● Input material
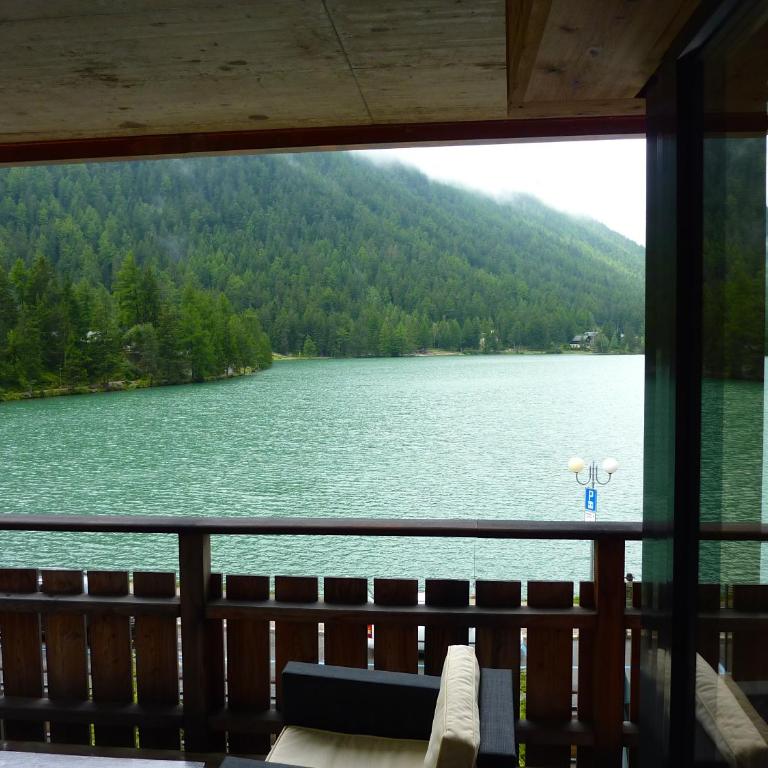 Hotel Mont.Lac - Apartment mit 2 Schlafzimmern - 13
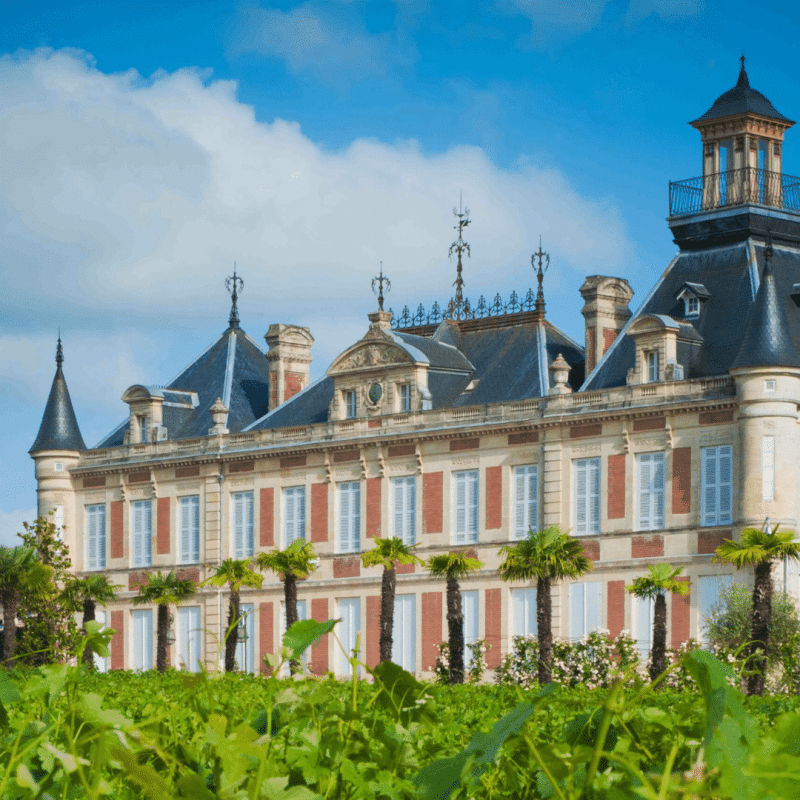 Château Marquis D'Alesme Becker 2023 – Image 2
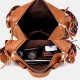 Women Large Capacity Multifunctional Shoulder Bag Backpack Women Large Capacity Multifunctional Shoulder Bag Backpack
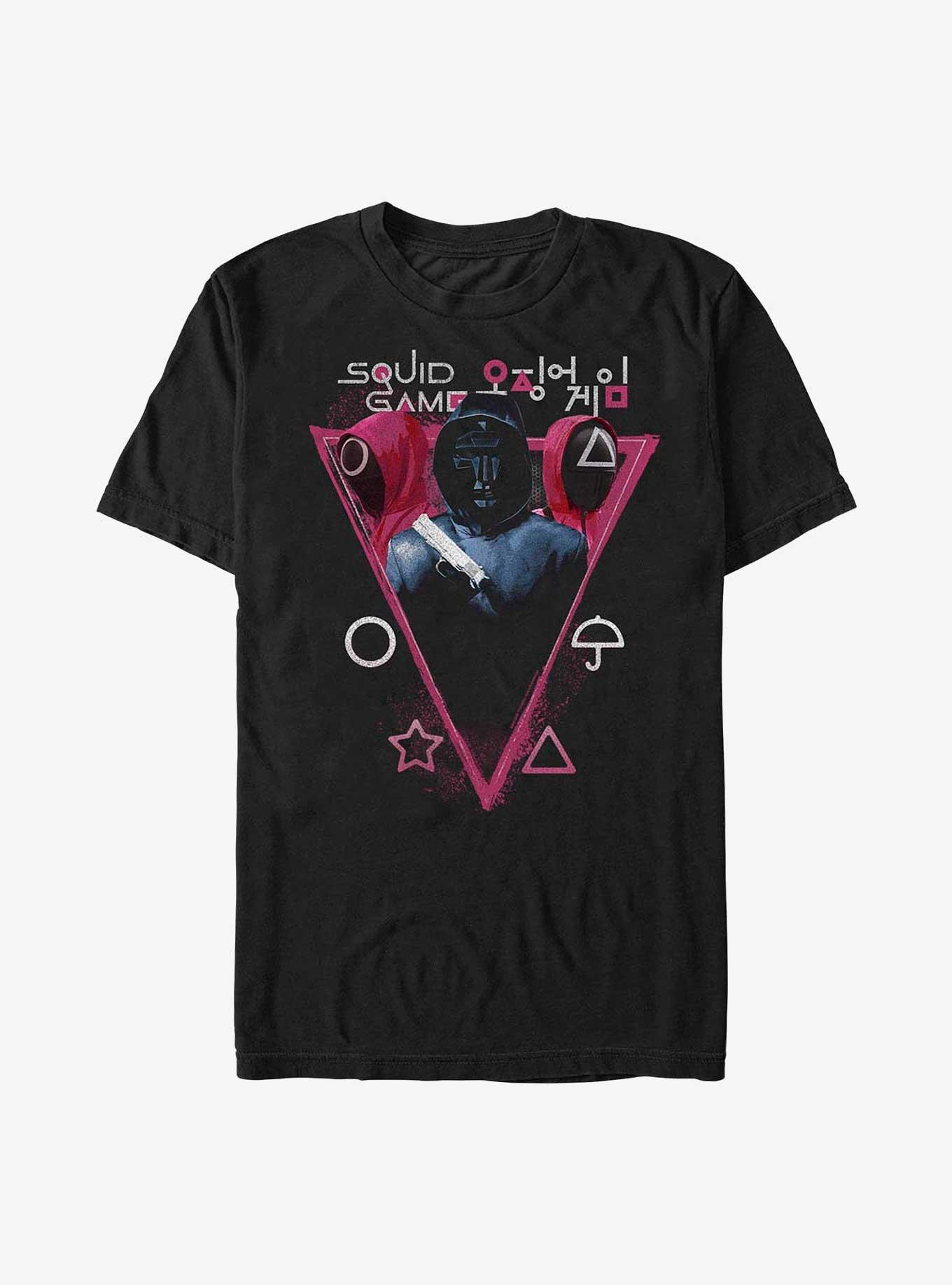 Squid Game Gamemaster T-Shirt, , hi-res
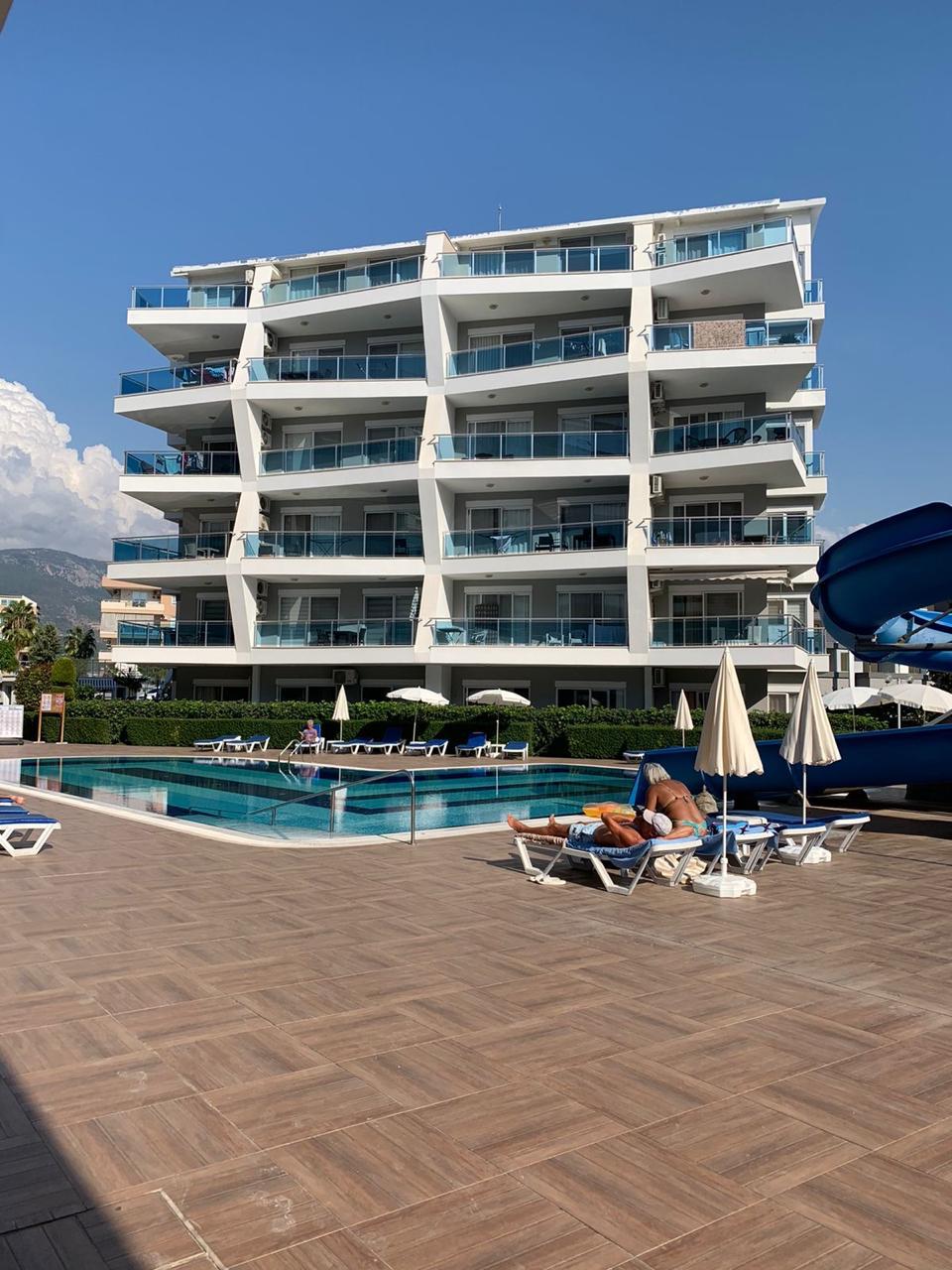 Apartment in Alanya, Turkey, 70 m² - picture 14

● Task objective
Your job is to repeat every entry exactly, keeping all pictures out of the copy.

● Answer for this exercise
 Hotel Mont.Lac - Apartment mit 2 Schlafzimmern - 13
 Château Marquis D'Alesme Becker 2023 – Image 2
 Women Large Capacity Multifunctional Shoulder Bag Backpack Women Large Capacity Multifunctional Shoulder Bag Backpack
 Squid Game Gamemaster T-Shirt, , hi-res
 Apartment in Alanya, Turkey, 70 m² - picture 14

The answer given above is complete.